I just wrote the most horrendously huge check last week to put my baby girl in daycare. That’s why it comes as absolutely no surprise to me that this woman who ran an illegal daycare was able to afford a Jaguar and a 7,600-square-foot home with an indoor swimming pool and indoor basketball court.
There’s the traditional plumber’s crack, and then there is exposing your genitals to multiple women while claiming to have burned one’s self (while fixing plumbing?)
Requiring a thumbprint from a non-customer who is trying to cash a check at your bank may sound perfectly reasonable until you encounter someone who has no arms. At which point you might want to consider having alternatives?
A Tampa Bay Rays employee planted a fake bomb at Tropicana Field. As a practical joke. We’ve seen stuff like this before but the stupidity of some people never ceases to astound me.
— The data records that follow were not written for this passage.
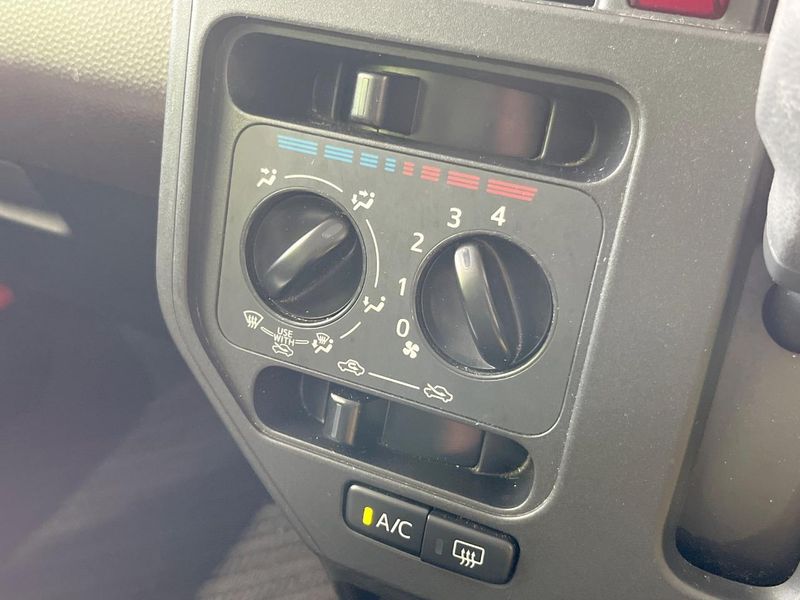 2019 Toyota Roomy DBA-M900A (UW-6a7a9340cda4c)[23]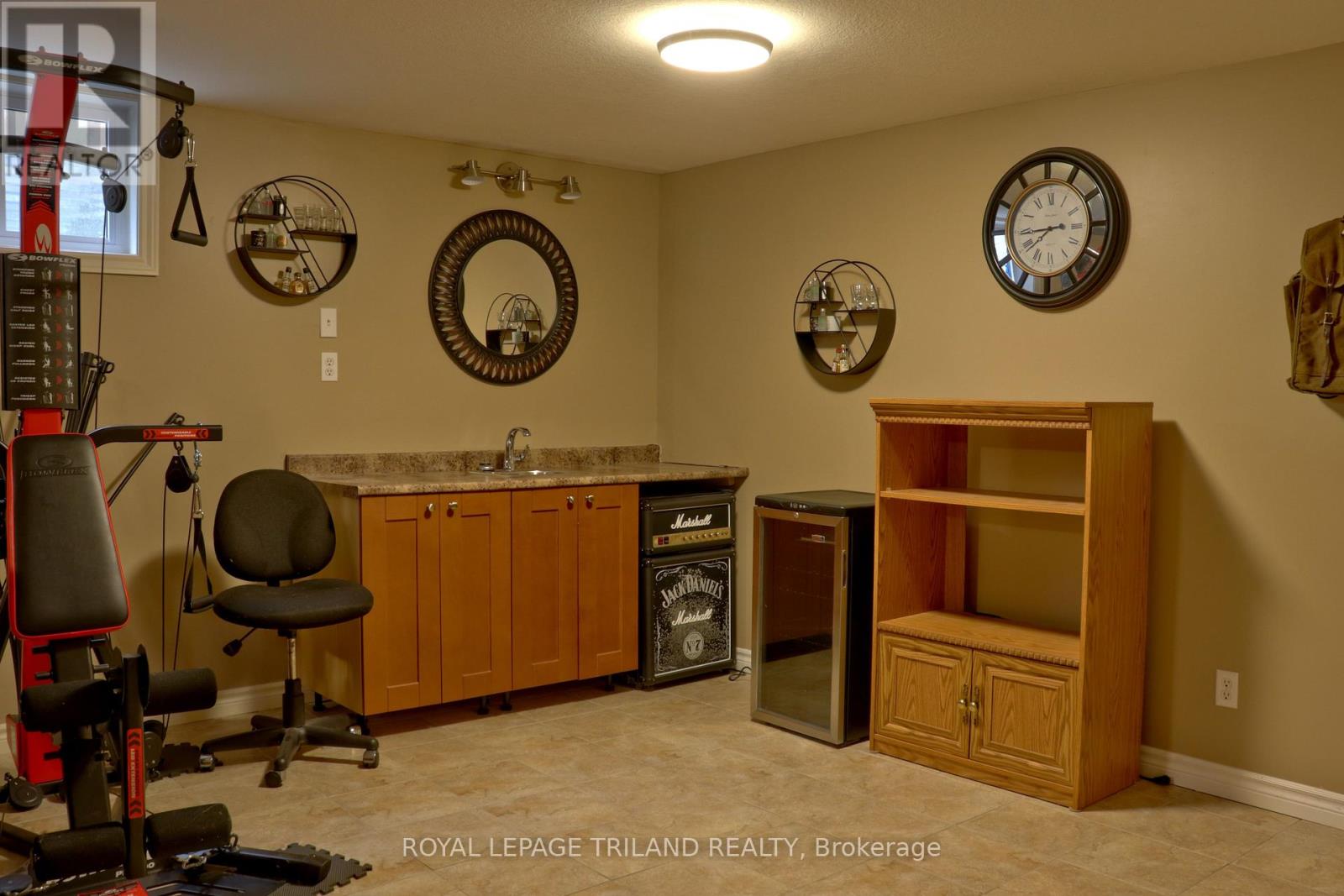 1363 Reardon Boulevard, London South, Ontario  N6M 1B4 - Photo 19 - X12608342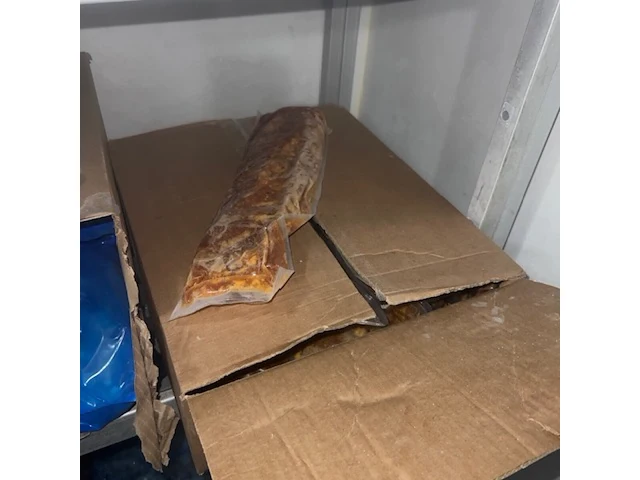 Diverse diepvriesproducten voor pizza - afbeelding 13 van  15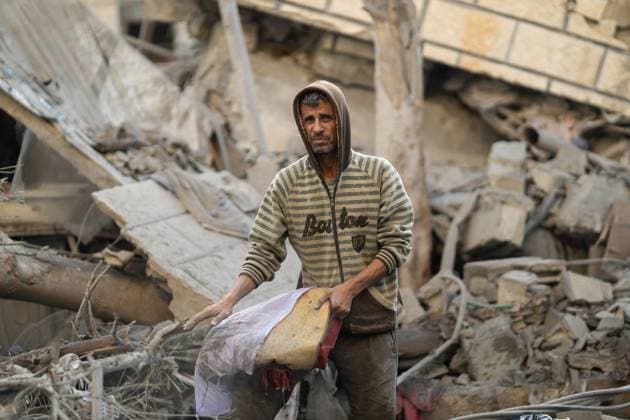 Israeli army bombed a building in Nuseirat NUSEIRAT, GAZA, PALESTINE - MAY 26: Local residents inspect the destroyed building and the damaged houses following the Israeli strike on a building belonging to the Tawil family in the Nuseirat Refugee Camp in Gaza, Palestine on May 26, 2026. The building was completely destroyed in the attack, while nearby homes were also damaged. Residents went through the rubble to find their belongings. Mahmoud Abu Hamda Anadolu Nuseirat Gaza. Editorial use only. Please get in touch for any other usage.  Copyright: x2026xAnadoluxMahmoudxAbuxHamdax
I have a sort of random fondness for Fritz Coleman, weatherman… but never would I believe that God wants me to harass him. But hey, her book sounds, um, fascinating.
September 7th, 2009 at 11:38 am
That Fritz Coleman story made me feel bad for all weathermen.
September 7th, 2009 at 4:24 pm
Absolutely unbelievable!! But I feel your pain on the daycare front. Isn’t it outrageous? I’m lucky to have a friend who has just started an in-home daycare center for a reasonable rate, but still!!